White Shark Cage diving; an ethical conundrum. 

White Shark Cage diving; an ethical conundrum, my reflexive presentation at the Symbiotic Ethics Conference, University of Exeter 2021. White shark cage diving is practiced in 5 places, the newest one being at the very end of South Island, New Zealand, 1600 km from Antarctica. However, this practice raises some ethical conundrums about human interaction with the sharks and its effects on the lives of both species. Based on the first-ever multispecies ethnographic investigation among these two species and various legal, social, economic ideas and beliefs, this article problematizes the ethical considerations related to the practice of cage diving. On one hand, there are claims that it helps demystify the sharks from their monstrous image, at the same time the practice utilizes the same image to promote itself. Furthermore, although there is not much evidence that it alters the behavior of the animals involved, the communities living closest to them fear imminent shark attacks. This in effect has led to a human-animal conflict, where reportedly sharks are being killed because certain groups feel it would keep the sharks and hence the cage diving operators away from their communal waters. Alternatively, the supporters of cage diving claim it helps immediate identification of any illegal shark killing or fishing in the southern waters and argues ‘a live shark is more valuable than a dead one’. Furthermore, I reflect on the act of ethnography among this orchestrated human-shark meeting, where the agency of the sharks is as relevant as the humans to create a successful encounter. While taking verbal and audiovisual documentation of the humans in the practice all permissions and consents are acquired- similarly, should and could there be protocols of acquiring consents from the sharks before their images are captured, and shared- if they are indeed considered to be sentient active actors in the human- shark network of interaction. Situated at the liminality of these ethical conundrums this will be the first multispecies contribution exploring ethics of human and shark interaction on both species.
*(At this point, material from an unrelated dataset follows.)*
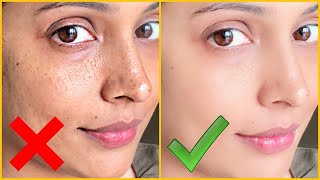 Remove Pigmentation, Dark Spots & Acne Scars| Anti-Aging & Skin Lightening Cream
Technology in human shark research,
a 5 min presentation.

Discussing about Technology in human shark research at the Digital Technology in Nature workshop organized by the The University of Melbourne, Australia. At the Animal Computer Interaction Conference 2021, 9 November 2021.

SHHRKS, Transdisciplinary human-shark research. 

It has been a pleasure to introduce a new human- shark research methodology I have been working on for the Blackpool and The Fylde College. The lives and oceanscapes of sharks are highly threatened. The present way of creation and dissemination of knowledge is not having an effective impact on shark conservation initiatives. Consequently, in this proposal, I plant the seeds of Shark- human holistic research and Knowledge system approach (SHHRKS) a transdisciplinary, transmodal, tranceknowledge system multispecies approach in education, creation, analysis, and dissemination of shark knowledge and its application in policy. I explore the need for such an approach, the methodological considerations, and how can such an approach be beneficial. Furthermore, I propose examples of how such an approach be implemented through examples of a tentative curriculum.

Iridescent Skin,
the documentary

A sensory documentary exploring Humans and White sharks encountering each other through cage diving in Foveaux Strait, seen and felt through the eyes of the researcher among them. Sponsor, Art director, Logistics support, research Assistant- Soosie Lucas Primary editor- Sandip Chowdhury Director, producer, music, editor, camera- Raj Sekhar Aich (Please use headphones or good speakers while watching)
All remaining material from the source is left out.